◆ The data
━━━
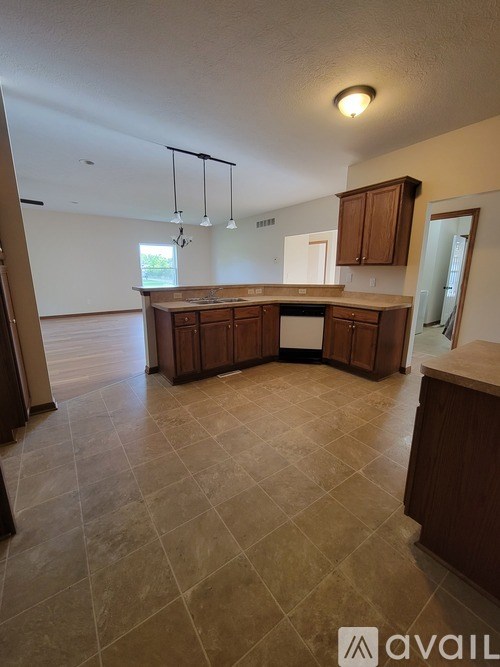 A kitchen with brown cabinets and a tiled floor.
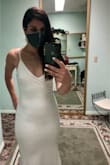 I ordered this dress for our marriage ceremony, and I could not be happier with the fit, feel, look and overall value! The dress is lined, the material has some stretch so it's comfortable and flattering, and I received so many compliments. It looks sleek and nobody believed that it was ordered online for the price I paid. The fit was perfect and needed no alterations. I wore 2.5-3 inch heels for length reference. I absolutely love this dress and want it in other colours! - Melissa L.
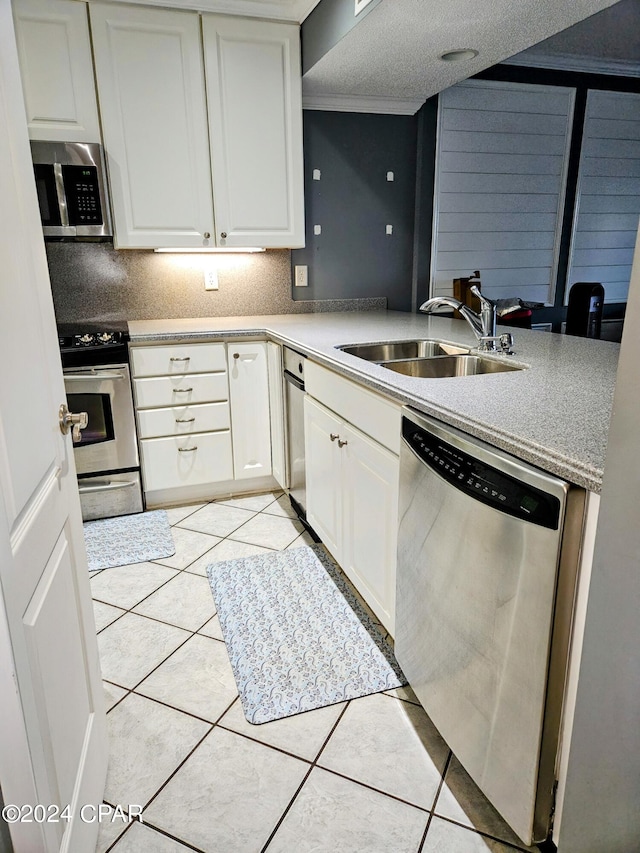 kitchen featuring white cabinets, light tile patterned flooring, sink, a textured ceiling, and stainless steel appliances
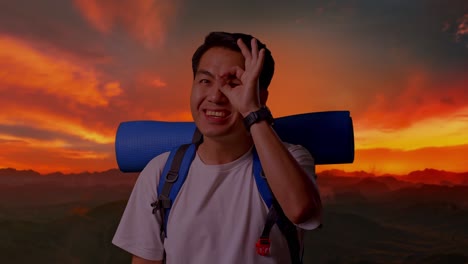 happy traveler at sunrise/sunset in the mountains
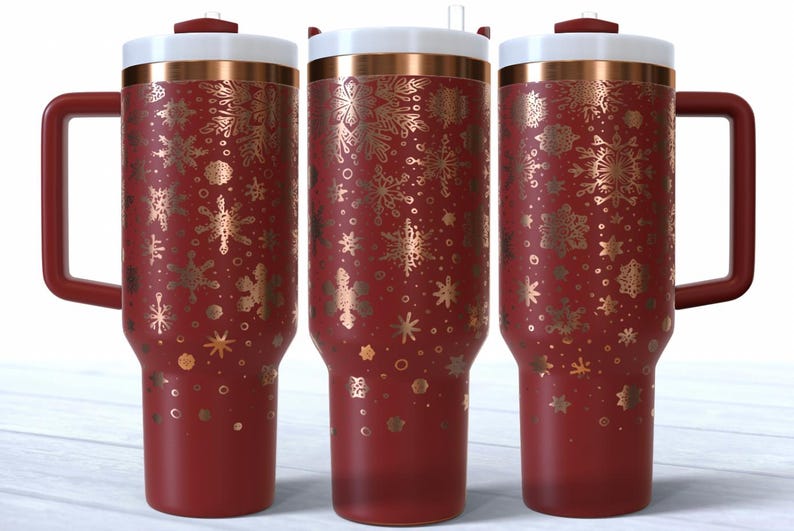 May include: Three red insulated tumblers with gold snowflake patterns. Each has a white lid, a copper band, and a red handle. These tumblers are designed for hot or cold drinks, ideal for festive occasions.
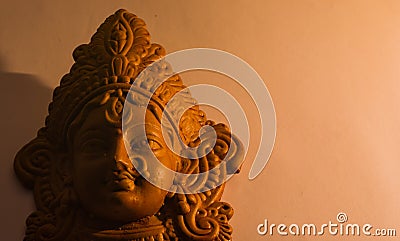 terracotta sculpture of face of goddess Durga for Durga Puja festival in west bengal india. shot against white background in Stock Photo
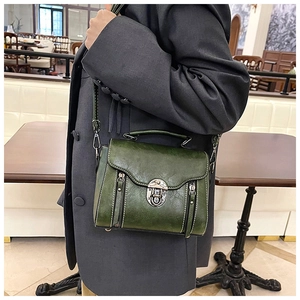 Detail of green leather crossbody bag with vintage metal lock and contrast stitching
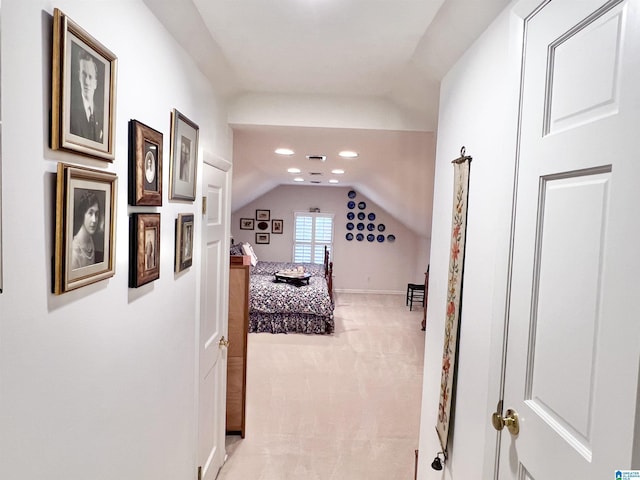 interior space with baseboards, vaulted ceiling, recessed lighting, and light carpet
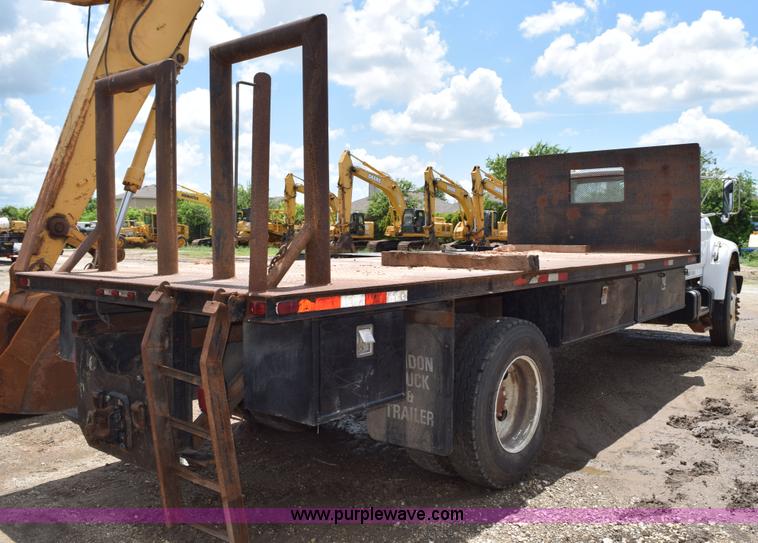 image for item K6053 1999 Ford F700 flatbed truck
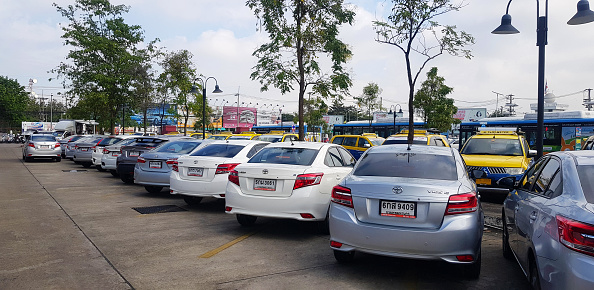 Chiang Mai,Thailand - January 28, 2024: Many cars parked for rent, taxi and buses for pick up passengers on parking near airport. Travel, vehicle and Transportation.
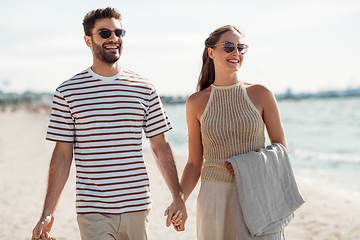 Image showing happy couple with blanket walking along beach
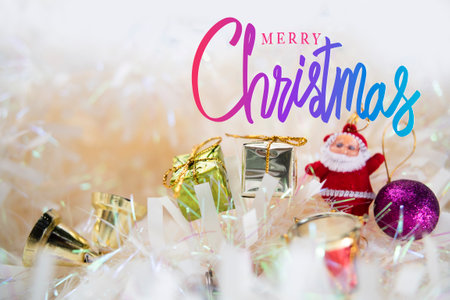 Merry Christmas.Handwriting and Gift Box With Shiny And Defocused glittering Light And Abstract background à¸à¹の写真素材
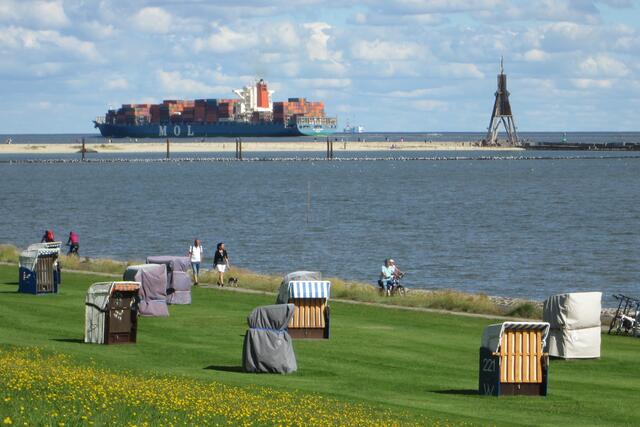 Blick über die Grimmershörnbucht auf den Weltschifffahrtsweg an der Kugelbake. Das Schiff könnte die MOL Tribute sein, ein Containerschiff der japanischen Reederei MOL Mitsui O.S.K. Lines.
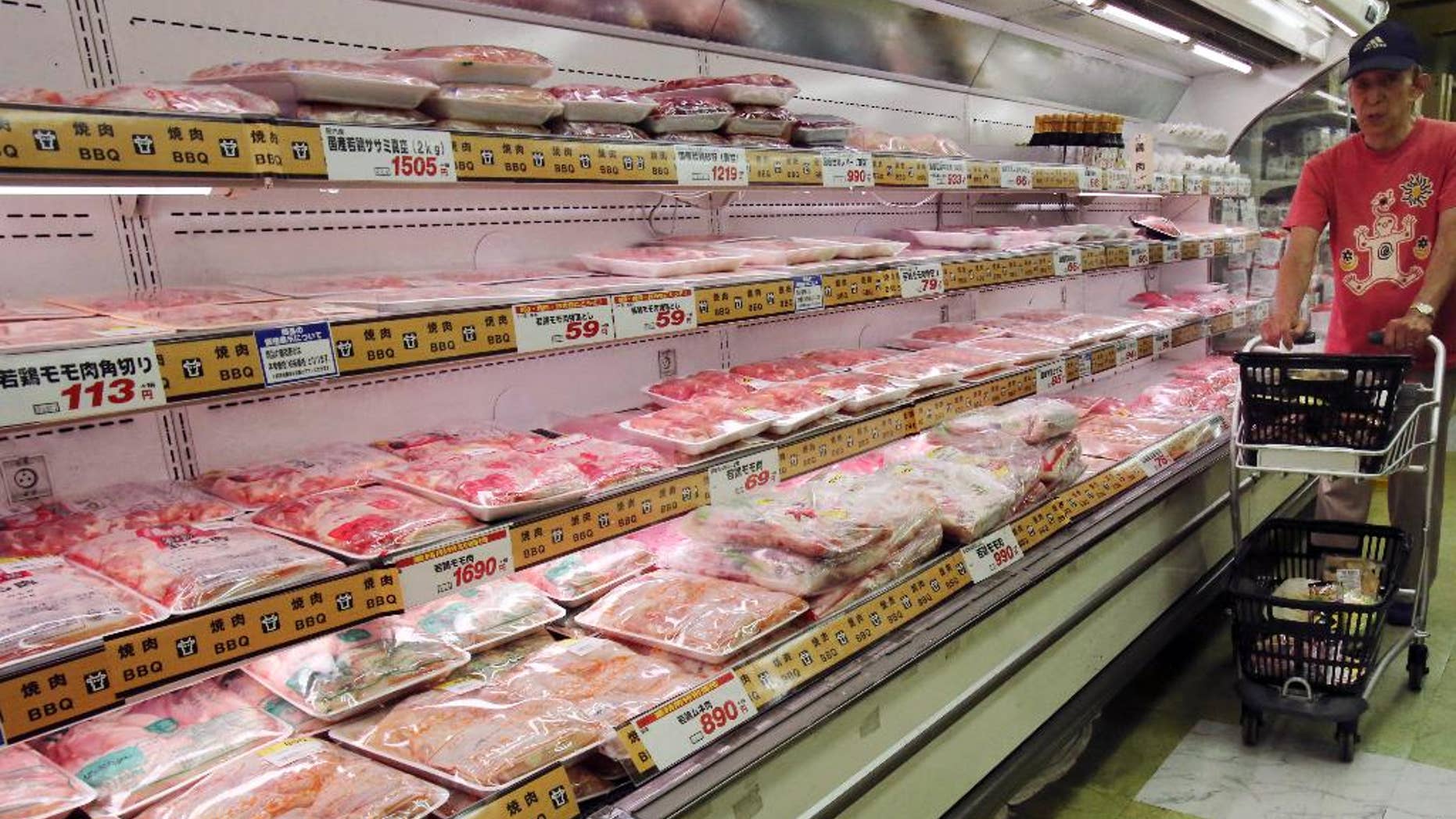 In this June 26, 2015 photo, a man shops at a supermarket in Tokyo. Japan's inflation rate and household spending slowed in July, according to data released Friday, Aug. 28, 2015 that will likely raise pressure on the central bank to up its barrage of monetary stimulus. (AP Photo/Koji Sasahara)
━━━
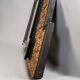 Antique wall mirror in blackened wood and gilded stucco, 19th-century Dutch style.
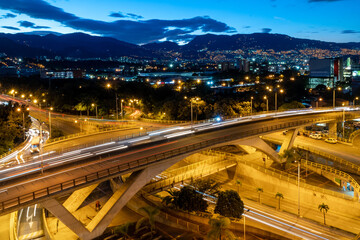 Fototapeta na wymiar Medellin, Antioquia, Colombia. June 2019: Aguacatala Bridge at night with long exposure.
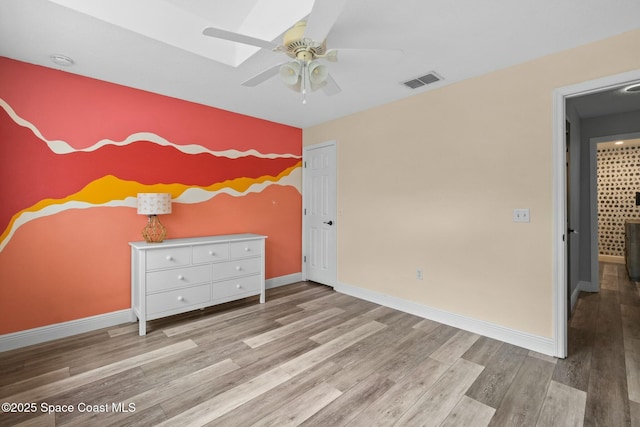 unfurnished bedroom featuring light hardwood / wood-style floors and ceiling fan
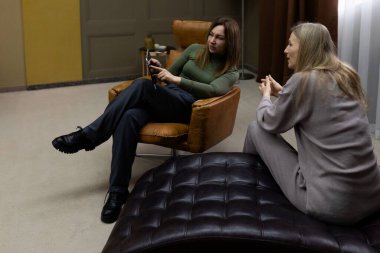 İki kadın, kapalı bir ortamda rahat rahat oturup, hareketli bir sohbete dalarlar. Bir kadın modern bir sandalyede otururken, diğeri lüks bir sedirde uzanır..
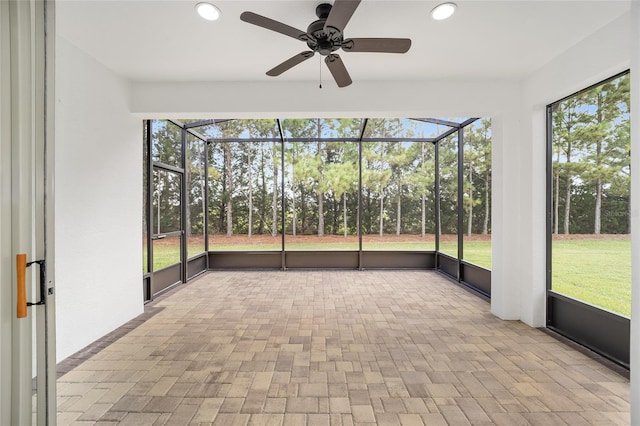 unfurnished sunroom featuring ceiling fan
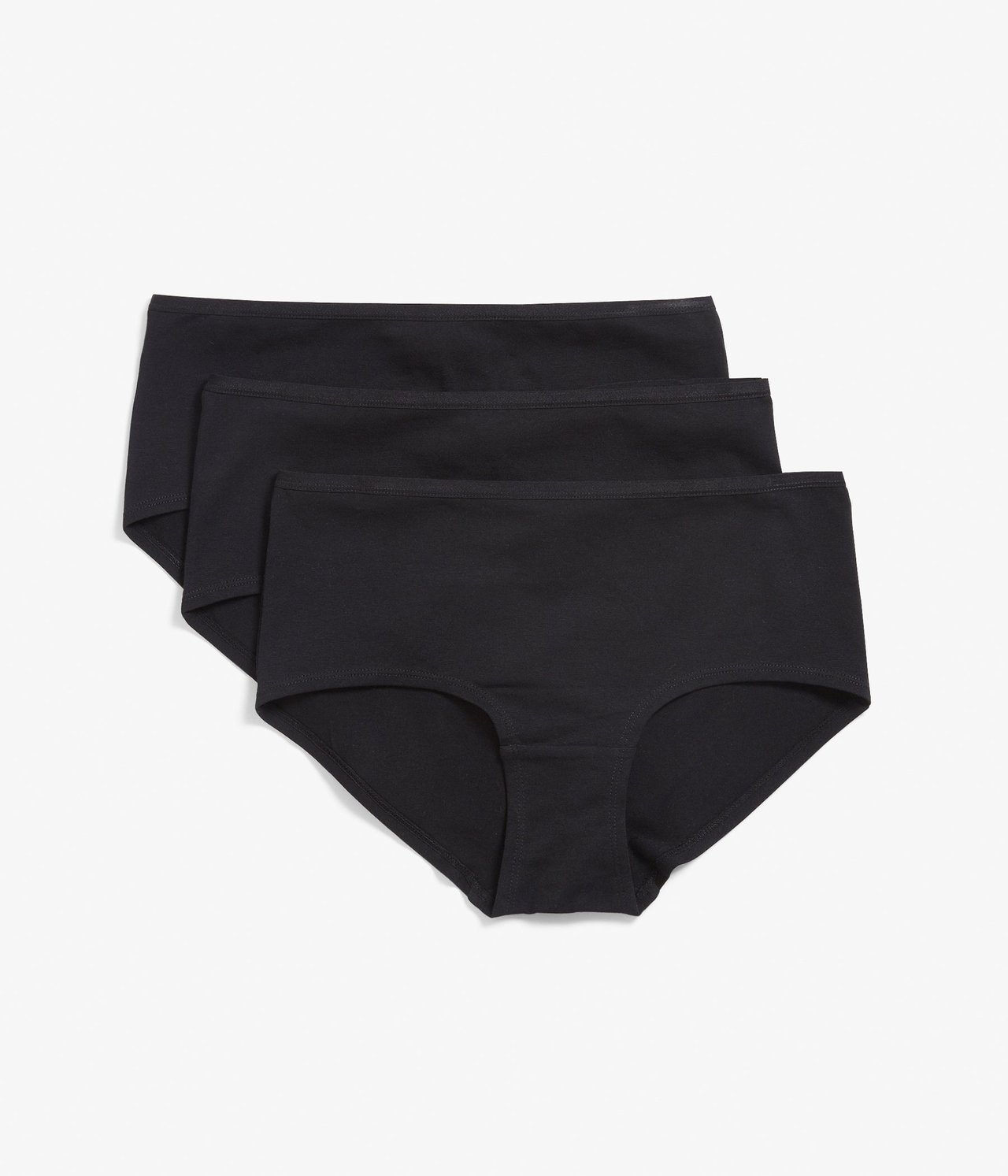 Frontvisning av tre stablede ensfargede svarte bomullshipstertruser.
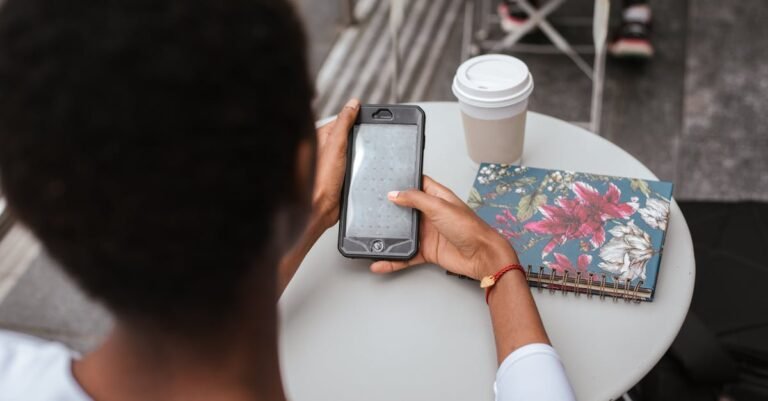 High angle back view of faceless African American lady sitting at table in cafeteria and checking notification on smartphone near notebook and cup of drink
━━━
From the entries above, copy exactly the lines starting at the one with "happy traveler at" and stopping at the one with "In this June", keeping both ends. Drop the pictures.

 happy traveler at sunrise/sunset in the mountains
 May include: Three red insulated tumblers with gold snowflake patterns. Each has a white lid, a copper band, and a red handle. These tumblers are designed for hot or cold drinks, ideal for festive occasions.
 terracotta sculpture of face of goddess Durga for Durga Puja festival in west bengal india. shot against white background in Stock Photo
 Detail of green leather crossbody bag with vintage metal lock and contrast stitching
 interior space with baseboards, vaulted ceiling, recessed lighting, and light carpet
 image for item K6053 1999 Ford F700 flatbed truck
 Chiang Mai,Thailand - January 28, 2024: Many cars parked for rent, taxi and buses for pick up passengers on parking near airport. Travel, vehicle and Transportation.
 Image showing happy couple with blanket walking along beach
 Merry Christmas.Handwriting and Gift Box With Shiny And Defocused glittering Light And Abstract background à¸à¹の写真素材
 Blick über die Grimmershörnbucht auf den Weltschifffahrtsweg an der Kugelbake. Das Schiff könnte die MOL Tribute sein, ein Containerschiff der japanischen Reederei MOL Mitsui O.S.K. Lines.
 In this June 26, 2015 photo, a man shops at a supermarket in Tokyo. Japan's inflation rate and household spending slowed in July, according to data released Friday, Aug. 28, 2015 that will likely raise pressure on the central bank to up its barrage of monetary stimulus. (AP Photo/Koji Sasahara)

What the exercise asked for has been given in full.